---
name: tai-ch003-from-exact-assertions-to-evaluation-criteria
description: 'Apply chapter 3 of Testing AI, From Exact Assertions to Evaluation Criteria, as a workflow for evaluating AI and non-deterministic systems. Use for test planning, eval design, quality review, release evidence, examples, or coaching related to from exact assertions to evaluation criteria.'
---

# From Exact Assertions to Evaluation Criteria

Skill name: `tai-ch003-from-exact-assertions-to-evaluation-criteria`

Based on **Testing AI: Engineering Confidence in AI Systems** by **Jason Arbon**.

## Purpose

When outputs can vary, testers need to move from brittle expected strings to clear properties
that define acceptable behavior.

## Use This Workflow

- Identify the AI behavior or release decision being evaluated.
- Define realistic cases, slices, unacceptable outcomes, and evidence needed for confidence.
- Choose measurements that match the risk: rubric scores, samples, intervals, traces, human review, deterministic checks, or production monitors.
- Report uncertainty, severe failures, and decision impact instead of only a pass/fail result.

## Key Guidance

Exact assertions are still valuable, but fuzzy outputs need criteria.
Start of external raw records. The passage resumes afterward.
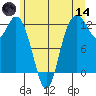 Fox Island tide chart for Sunday, June 14, 2026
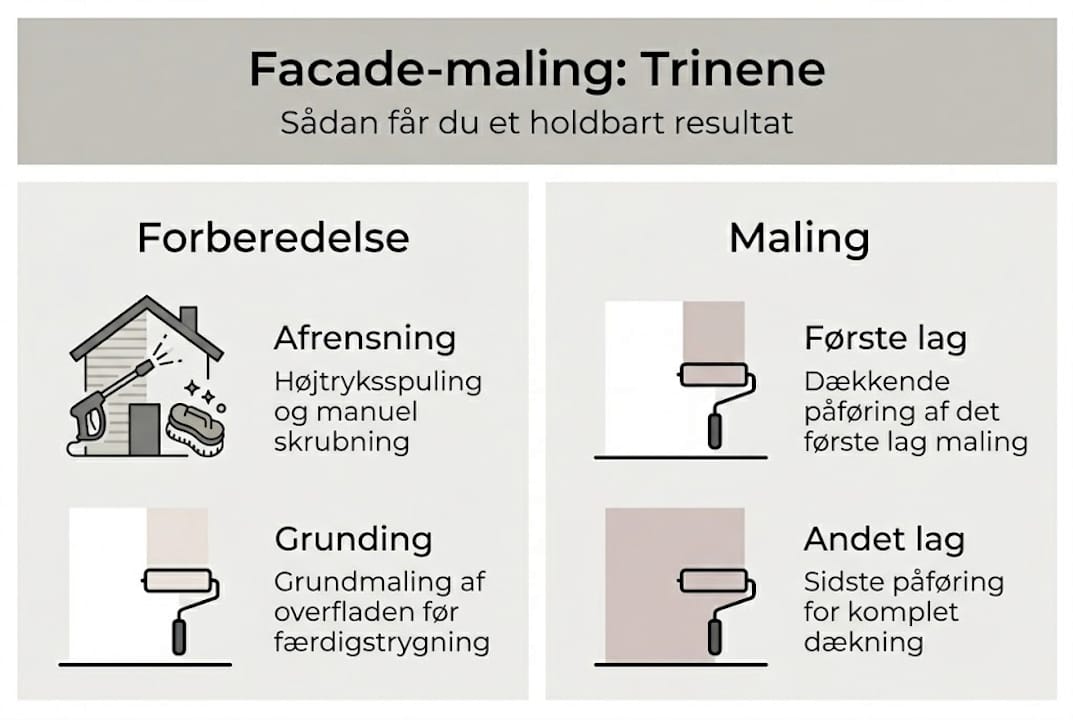 Oversigt: Sådan maler du husets facade – trin for trin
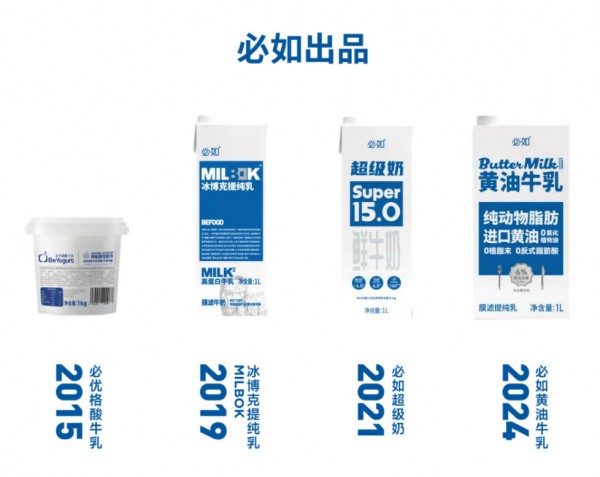 出资1.04亿元，三元加码B端市场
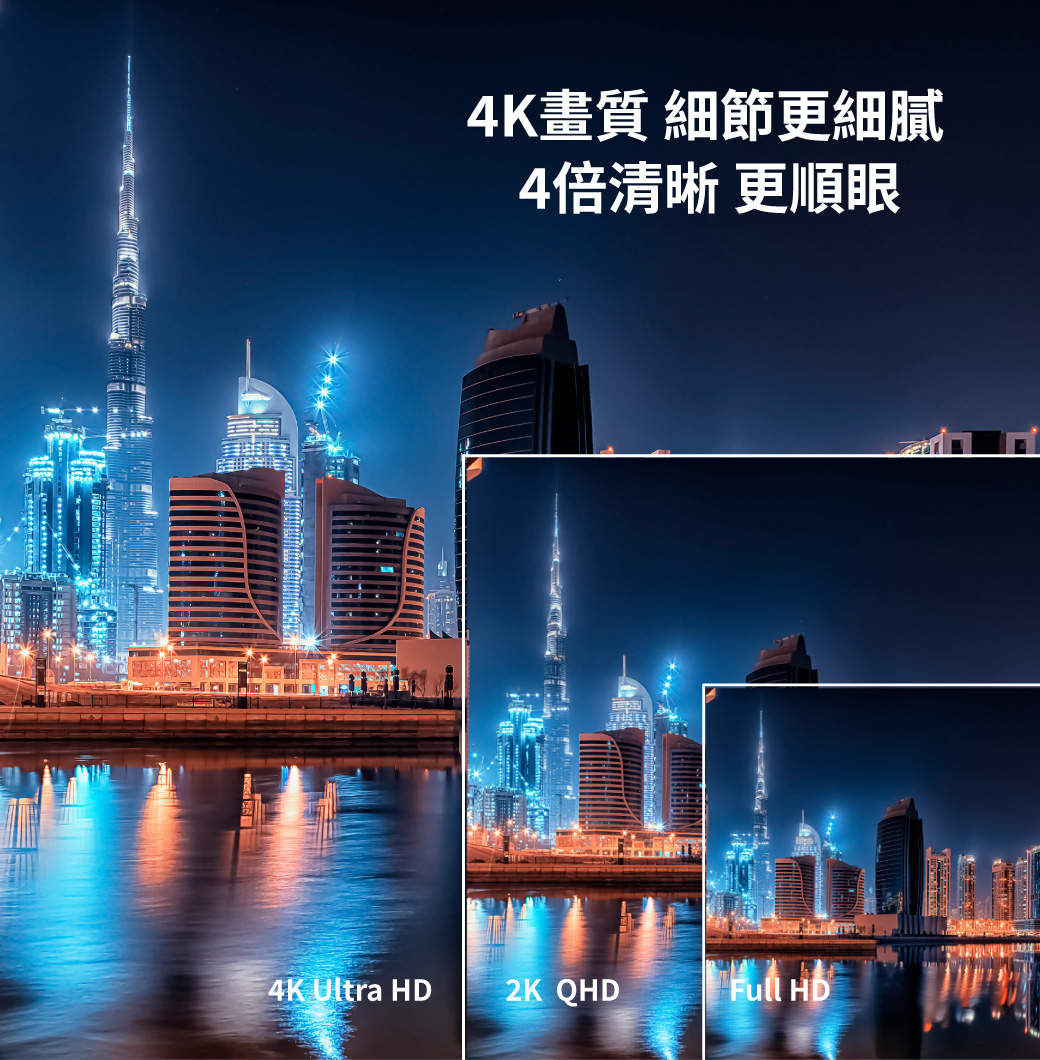 ALC 兩用式汽車行車記錄器 ( CX60 )140度超廣角/f/1.8大光圈,實際價格以報價為主,U52240003,ALC兩用式汽車行車記錄器(CX60)140度超廣角/f/1.8大光圈,原廠保固,大量採購歡迎洽詢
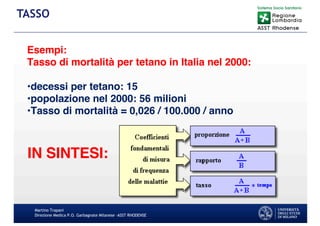 Martino Trapani
Direzione Medica P.O. Garbagnate Milanese –ASST RHODENSE
TASSO
Esempi:
Tasso di mortalità per tetano in Italia nel 2000:
•decessi per tetano: 15
•popolazione nel 2000: 56 milioni
•Tasso di mortalità = 0,026 / 100.000 / anno
IN SINTESI:
 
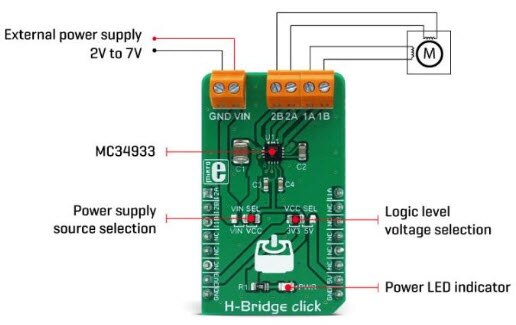 How to Use a 1-Click Motor Controller with Atmosphere IoT Studio How to Use a 1-Click Motor Controller with DigiKey IoT Studio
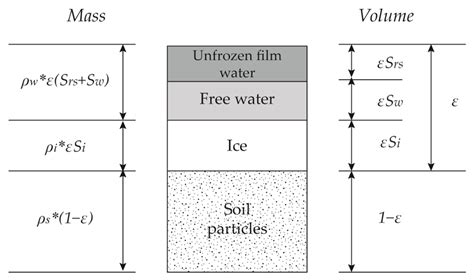 Case Study of Heat Transfer during Artificial Ground Freezing with ...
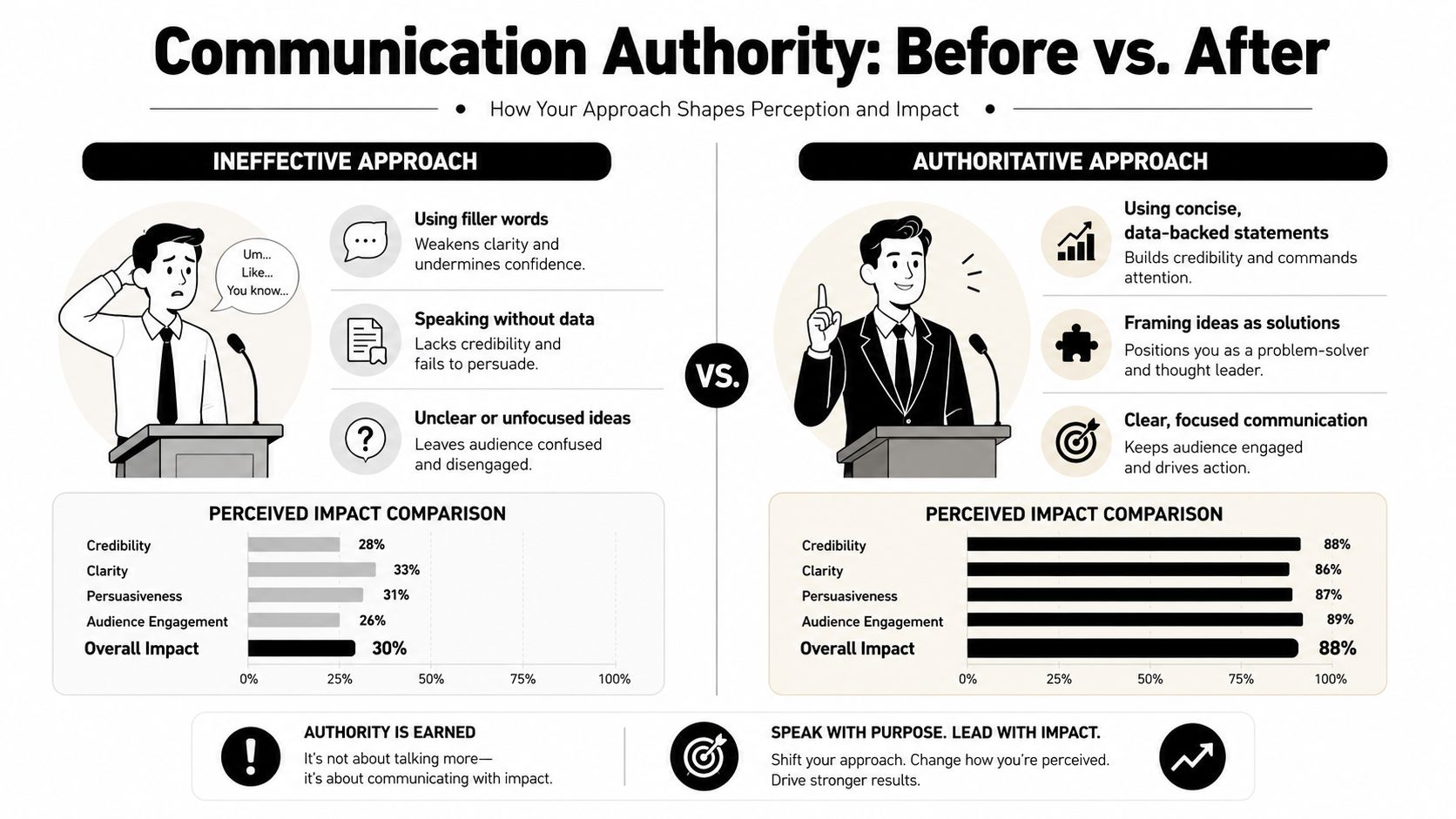 A comparison chart showing how communication style affects perceived authority, credibility, and overall professional impact.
The important question
becomes: what properties must every acceptable output preserve? Those properties may include
factual correctness, policy compliance, completeness, tone, safety, citation quality, or refusal
behavior. For example, two summaries can use different wording and both be good if they preserve
the same facts. Two support answers can sound different and both be good if they follow the same
policy.

## Apply The Approach

Create representative cases, score them with explicit criteria, review severe failures separately, report uncertainty, and connect the evidence to a concrete decision.

## Expert Notes

Expert teams usually split criteria into hard constraints and soft quality dimensions. Hard
constraints are binary blockers, such as no private data leakage. Soft dimensions can be scored,
such as clarity or completeness. Mixing the two into one score hides the failures that should
stop release immediately.